Published May 6, 2004, in issue 0318 of The Hook

BY LISA PROVENCE

PHOTOS BY JEN FARIELLO

Being able to use a bathroom is a basic human right-- or at least, a basic decency one human extends to another, right?

Not under segregation, the degradations of which touched every aspect of life, even the right to use a public restroom or water fountain. And sometimes, "colored" bathrooms weren't even provided, as African Americans traveling through the Jim Crow South knew all too well.

That's how far reaching the Brown v. Board of Education Supreme Court decision was. Sure, its thrust was education, its purpose to dismantle the misnamed "separate but equal" laws that had relegated blacks to substandard schools since Reconstruction.

But once public schools were open to African Americans, the walls of segregation began to crack. It didn't all happen on May 17, 1954, the date of the Brown decision, and many will argue that the job still isn't done.

To look back 50 years, to when there were "colored" balconies in Charlottesville theaters, and black citizens could not get served in restaurants, when it was legal to discriminate in housing, jobs, transportation, and public access, well, it seems like ancient history. But not for the people who lived it, who remember half a century ago when such treatment of fellow citizens was the norm.

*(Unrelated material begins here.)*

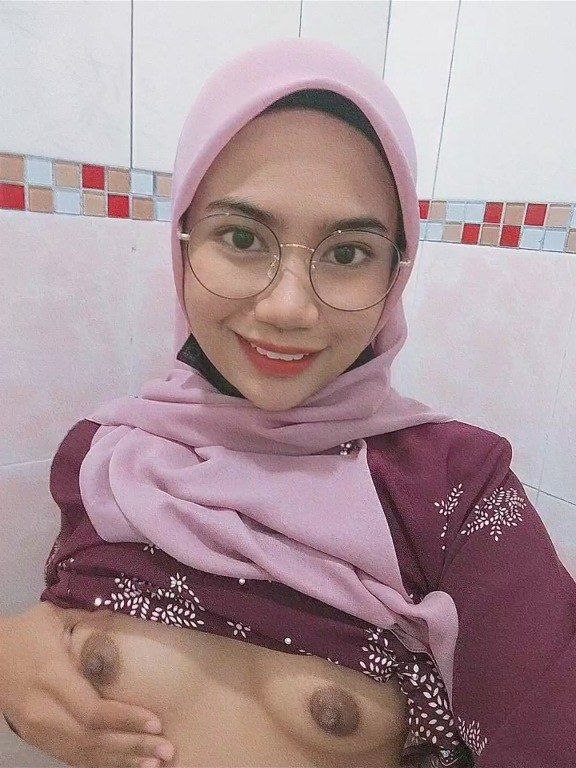 NABILAH AWEK TUDUNG MELAYU BOGEL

On the anniversary of the landmark civil rights decision of the 20th century, it's important that we, too, remember that part of our history, with a look at some local landmarks in the civil rights struggle.

Happy birthday, Brown.


Jefferson School

201 Fourth Street NW

Today Jefferson School is still the most controversial symbol of the city's uneasy racial past. An addition in 1958, four years after Brown, is a testament to the city fathers' determination to keep schools segregated. Before the current structure opened in 1926, Charlottesville blacks who wanted a high school education had to go elsewhere. In the 1930s, Jefferson was one of a half dozen accredited high schools for blacks in Virginia, even though its teachers were paid half what their white counterparts earned and were always short of supplies.

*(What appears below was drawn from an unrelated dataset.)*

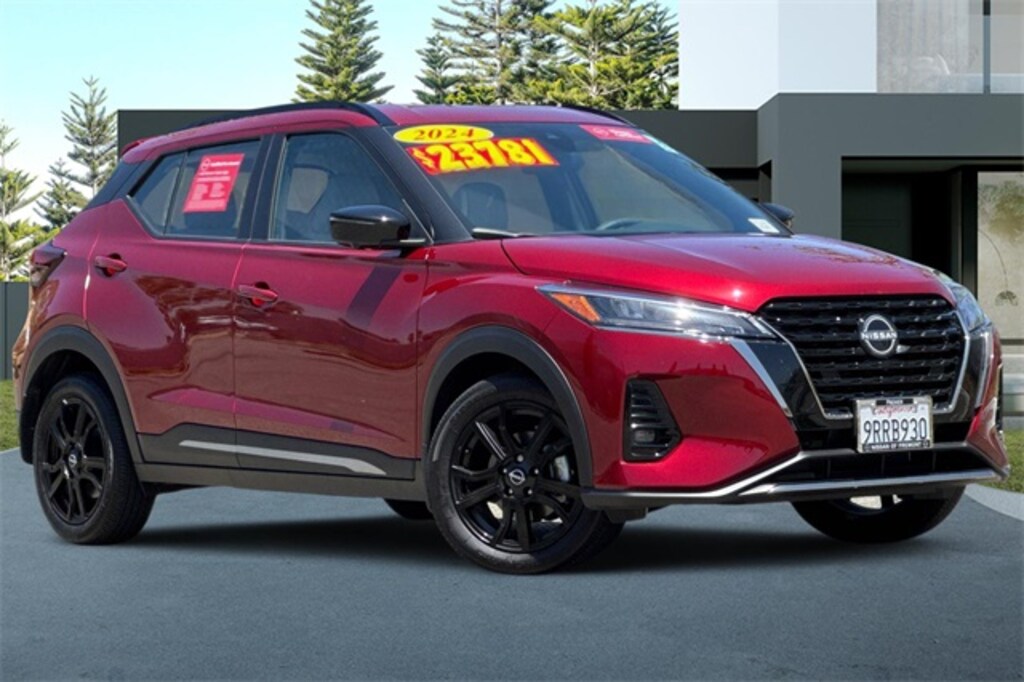 Used 2024 Nissan Kicks SR SUV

The now-empty building ended its career as a school in 2002. It survived the razing of Vinegar Hill in the 1960s, but nearly fell to developers when the city was ready to sell the dilapidated, lead- and asbestos-ridden building on a primo piece of real estate. "Within it is embodied much of the cultural legacy of African Americans in this community," says Mayor Maurice Cox. He foresees an African-American cultural center and a library in its once precarious future.

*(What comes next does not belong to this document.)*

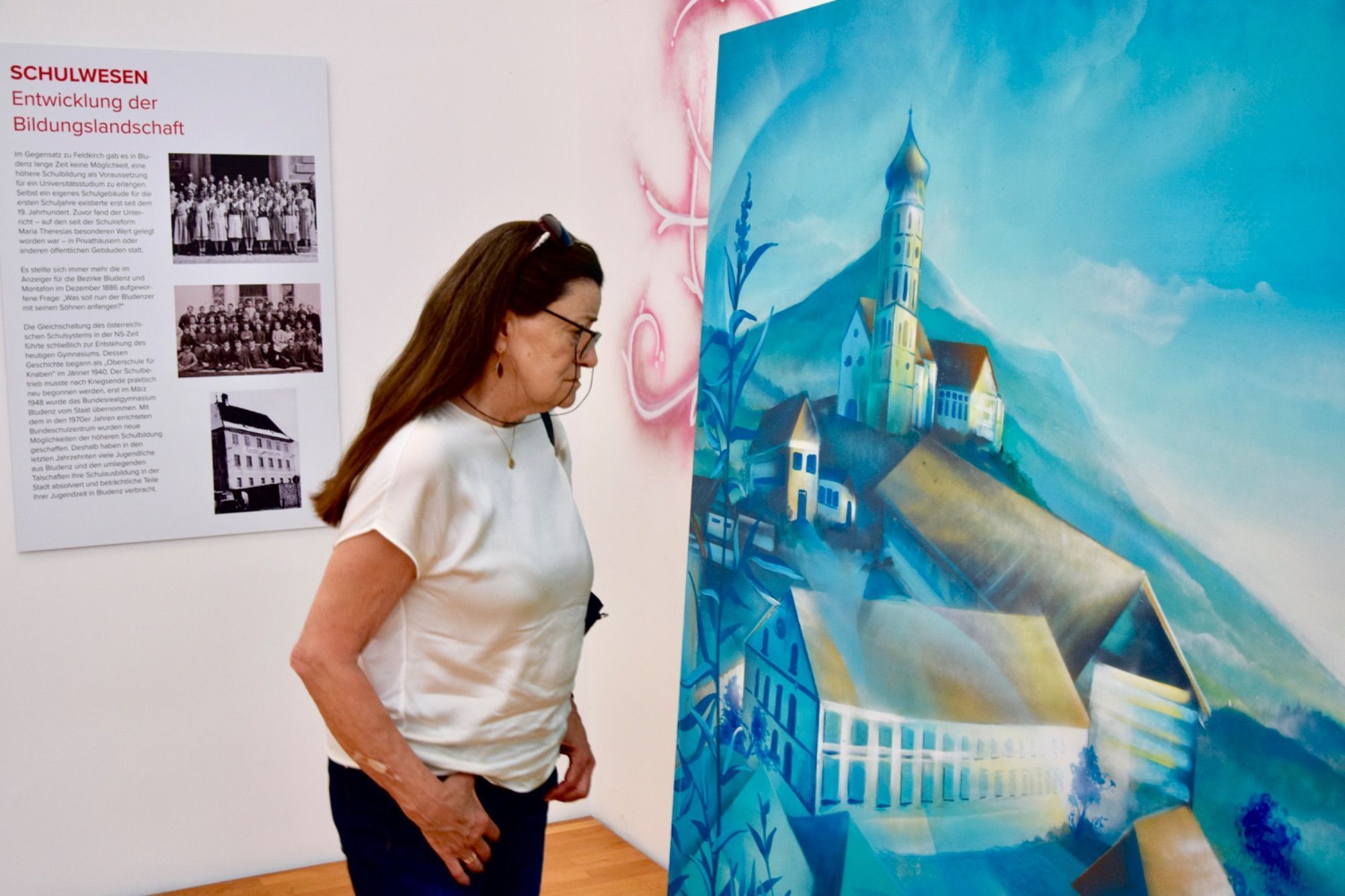 Gertrud Würbel besichtigte die Ausstellung mit großem Interesse.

Jackson P. Burley High School

901 Rose Hill Drive

Before Burley opened in 1951 for city and county black students, there were three black high schools: Esmont, Jefferson, and the Albemarle Training School. In 1949, the county school board decided to "unite the Negroes' high schools" to provide better facilities and programs, according the June 1967 Burley Bulletin. With the city, for $18,000, Albemarle purchased 17 acres of land from Mrs. Jackson P. Burley, wife of the teacher and storeowner for whom the school is named. Marcha Howard, now assistant principal at Burley, endured an hour-long bus ride from her home near Proffit Road to attend Burley when she started as a freshman in 1959. "It was a long ride for a lot of students," she says.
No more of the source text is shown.